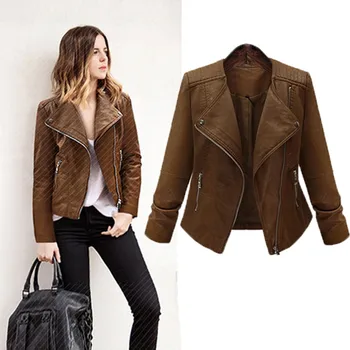

Motorcycle PU Leather Jacket Women Winter And Autumn New Fashion Coat Zipper Outerwear jacket New 2019 Coat brown
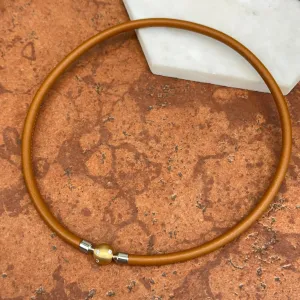 Brown Leather   Stainless Steel 5mm Cord Swap Necklace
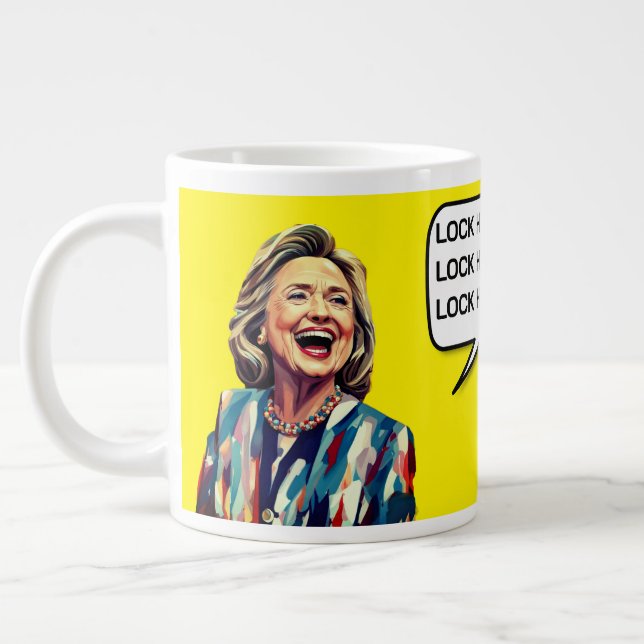 Funny Hillary sagt, sperrt Trump auf Jumbo-Tasse (Links)
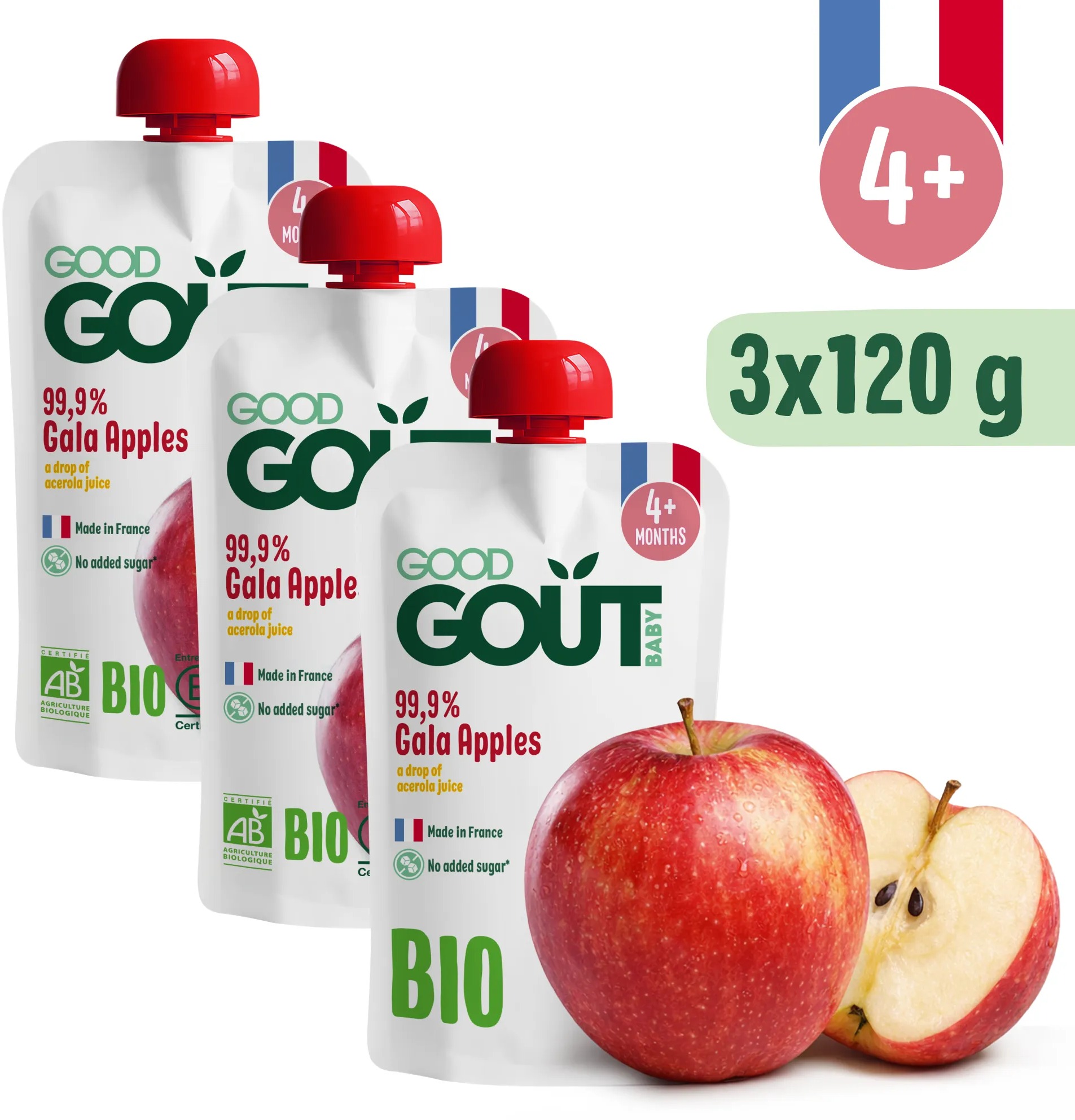 Good Gout BIO Jablko Gala 3× 120 g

────────

- Task statement
Pictures stay out; everything else in the listing above gets repeated exactly.

- Solution
Motorcycle PU Leather Jacket Women Winter And Autumn New Fashion Coat Zipper Outerwear jacket New 2019 Coat brown
 Brown Leather   Stainless Steel 5mm Cord Swap Necklace
 Funny Hillary sagt, sperrt Trump auf Jumbo-Tasse (Links)
 Good Gout BIO Jablko Gala 3× 120 g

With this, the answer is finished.